What does the recent UK AR4 funding round mean for Energy Storage
Invinity’s Markets and Analytics Manager, Jeffrey Douglass, breaks down the key aspects of the AR4 auction round and outlines the opportunities presented.
Monday 18 July 2022
In early July, almost 11 GW of renewable generation capacity were accepted for Contract for Difference (CfD) contracts in the latest AR4 auction, reflecting the UK government’s commitment to supporting zero-emissions generation to improve energy security and deliver a net-zero electricity grid by 2035. The revenue security offered by these contracts will advance the pipeline of renewable generation projects, with contracts to start generating in the next 4 years, of which the largest pool is 7GW of offshore wind whose contracts start in 2026. All but 30 MW (which is allocated to Energy from Waste) have been granted to solar, wind and tidal generation, whose output naturally features hourly, daily, weekly and seasonal variability.

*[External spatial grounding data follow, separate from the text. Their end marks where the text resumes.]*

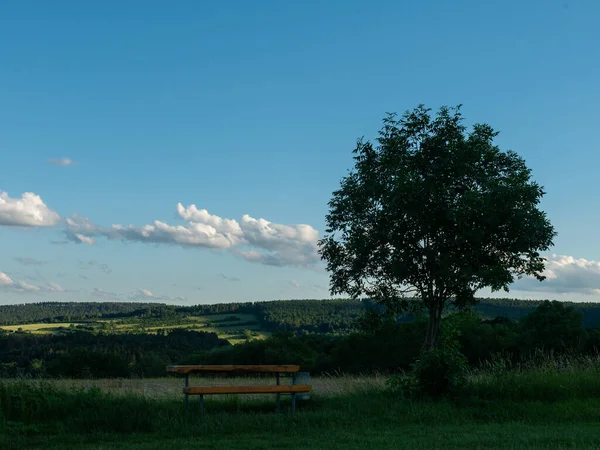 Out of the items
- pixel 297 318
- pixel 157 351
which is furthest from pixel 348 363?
pixel 297 318

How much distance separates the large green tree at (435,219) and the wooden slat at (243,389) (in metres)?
11.3

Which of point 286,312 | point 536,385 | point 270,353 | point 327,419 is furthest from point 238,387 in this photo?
point 286,312

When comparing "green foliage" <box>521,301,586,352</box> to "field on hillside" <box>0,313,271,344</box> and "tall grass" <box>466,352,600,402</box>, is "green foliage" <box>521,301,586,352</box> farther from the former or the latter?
"field on hillside" <box>0,313,271,344</box>

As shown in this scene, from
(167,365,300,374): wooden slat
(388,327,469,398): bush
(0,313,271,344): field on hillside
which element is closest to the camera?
(167,365,300,374): wooden slat

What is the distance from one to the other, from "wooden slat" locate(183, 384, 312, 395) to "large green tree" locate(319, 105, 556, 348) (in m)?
11.3

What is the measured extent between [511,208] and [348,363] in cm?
2748

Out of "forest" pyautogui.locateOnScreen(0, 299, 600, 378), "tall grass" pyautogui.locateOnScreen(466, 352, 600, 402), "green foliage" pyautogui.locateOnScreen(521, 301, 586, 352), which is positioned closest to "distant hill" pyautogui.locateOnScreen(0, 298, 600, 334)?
"forest" pyautogui.locateOnScreen(0, 299, 600, 378)

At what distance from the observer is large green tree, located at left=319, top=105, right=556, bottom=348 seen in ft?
78.0

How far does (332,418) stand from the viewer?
1269cm

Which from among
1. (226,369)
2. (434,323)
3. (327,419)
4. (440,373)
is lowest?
(327,419)

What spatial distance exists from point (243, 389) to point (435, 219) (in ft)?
43.3

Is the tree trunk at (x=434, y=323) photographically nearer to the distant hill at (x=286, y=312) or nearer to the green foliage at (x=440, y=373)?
the green foliage at (x=440, y=373)

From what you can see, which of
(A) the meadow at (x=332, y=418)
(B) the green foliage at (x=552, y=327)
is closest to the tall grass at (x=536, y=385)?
(A) the meadow at (x=332, y=418)

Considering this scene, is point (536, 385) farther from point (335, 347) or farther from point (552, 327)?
point (335, 347) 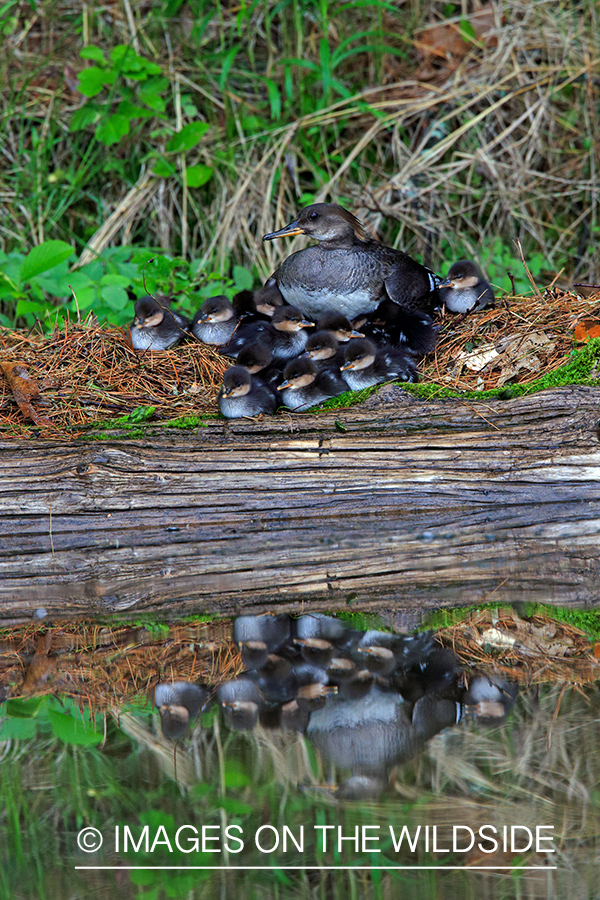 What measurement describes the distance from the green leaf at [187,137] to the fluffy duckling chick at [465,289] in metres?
2.70

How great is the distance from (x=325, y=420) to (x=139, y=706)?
6.46ft

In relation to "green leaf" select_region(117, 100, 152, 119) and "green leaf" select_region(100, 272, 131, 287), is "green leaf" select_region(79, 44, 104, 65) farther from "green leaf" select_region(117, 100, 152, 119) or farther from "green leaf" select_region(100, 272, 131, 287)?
"green leaf" select_region(100, 272, 131, 287)

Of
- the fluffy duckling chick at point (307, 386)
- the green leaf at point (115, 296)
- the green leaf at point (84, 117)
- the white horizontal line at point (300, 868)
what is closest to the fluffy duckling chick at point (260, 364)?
the fluffy duckling chick at point (307, 386)

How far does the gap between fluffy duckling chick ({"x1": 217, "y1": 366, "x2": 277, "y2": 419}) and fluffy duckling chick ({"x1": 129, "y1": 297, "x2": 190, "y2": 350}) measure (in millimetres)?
733

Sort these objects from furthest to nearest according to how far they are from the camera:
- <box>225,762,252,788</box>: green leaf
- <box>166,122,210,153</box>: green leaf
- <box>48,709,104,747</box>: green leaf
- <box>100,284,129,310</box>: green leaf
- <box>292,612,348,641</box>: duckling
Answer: <box>166,122,210,153</box>: green leaf
<box>100,284,129,310</box>: green leaf
<box>292,612,348,641</box>: duckling
<box>48,709,104,747</box>: green leaf
<box>225,762,252,788</box>: green leaf

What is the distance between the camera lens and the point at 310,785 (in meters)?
1.96

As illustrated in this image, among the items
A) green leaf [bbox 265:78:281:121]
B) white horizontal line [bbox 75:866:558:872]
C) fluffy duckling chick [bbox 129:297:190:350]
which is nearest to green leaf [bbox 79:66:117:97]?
green leaf [bbox 265:78:281:121]

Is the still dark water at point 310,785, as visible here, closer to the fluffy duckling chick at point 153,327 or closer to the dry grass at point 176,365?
the dry grass at point 176,365

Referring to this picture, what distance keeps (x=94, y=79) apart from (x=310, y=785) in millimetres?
5917

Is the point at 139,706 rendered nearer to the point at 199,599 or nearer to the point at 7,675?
the point at 7,675

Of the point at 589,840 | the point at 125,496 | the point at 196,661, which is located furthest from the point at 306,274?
the point at 589,840

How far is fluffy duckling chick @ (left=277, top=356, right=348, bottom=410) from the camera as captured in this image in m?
4.12

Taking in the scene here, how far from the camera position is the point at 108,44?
749cm

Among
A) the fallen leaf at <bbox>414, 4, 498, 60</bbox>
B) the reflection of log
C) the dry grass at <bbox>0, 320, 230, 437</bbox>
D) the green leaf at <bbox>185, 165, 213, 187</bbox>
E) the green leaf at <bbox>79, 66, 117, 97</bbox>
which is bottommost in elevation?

Above: Jeffrey Douglass and Simonas Vainauskas during a recent presentation of Invinity’s Energy Storage technology to members of RPS
This additional low-cost, inflexible electricity supply will increase the price volatility in energy markets, opening up intra-day price spreads that can be captured by energy storage. With a close-to-zero marginal cost of generation, these assets shift the marginal generation price stack when the sun shines or the wind blows towards lower-cost marginal plant, reducing prices in wholesale electricity markets. As a result of both falling capture prices and lower utilisation, fossil-fuelled generation will have to resort to recovering more of their costs through the capacity market which is designed to maintain system security. These inflexible assets also push additional value into the Balancing Mechanism which is used by the Energy System Operator to address system stability issues (e.g. maintaining minimum inertial generation, managing network congestion) and to correct energy imbalance (e.g. caused by generation forecast errors). With a capture price guaranteed by the CfD, these assets are pushing the bid price (the price a generator will pay not to have to operate) below zero when excess wind needs to be turned down. All of this adds up to increasing price spreads and increasing tradeable volumes for energy storage, boosting asset value.
A change in regulation for this latest auction round (and now retrospectively applied to previous CfD assets) is that renewable developers are freer to benefit from coupling energy storage, such as a high-throughput flow battery, with on-site generation. Provided they can demonstrate that the energy discharged from the storage asset is metered separately from the generator with the CfD, generators are able to take advantage of high, volatile peak-time prices by opting to charge storage instead of accepting the CfD price. This upside opportunity adds to the value of co-locating generation and storage assets.
At a system level, these auctions are pushing towards UK government targets of increasing offshore wind capacity to 50 GW by 2030, in line with the capacity buildout included in National Grid Future Energy Scenario. These generators will be competing for limited network capacity, requiring costly additional network investment to avoid excessive curtailment, and increasing volumes and price volatility in the Balancing Mechanism to balance the system until this can be delivered. Analysis carried out as part of the Network Options Assessment program have highlighted the implications of renewable buildout for constraint costs which, in the Leading the Way scenario, are predicted rise to £2.3bn per year in 2026. These costs will be paid to dispatchable generators, including energy storage which increases the utilisation of zero-carbon generation instead of replacing it with high-carbon generation.
Above: Modelled Constraint Costs after NOA6 optimal reinforcements. Source: National Grid ESO
These technical and market fundamentals present a strong long-term policy (and economic) outlook for the value of energy storage in an increasingly decarbonised electricity system, despite short-term pile-in to natural gas.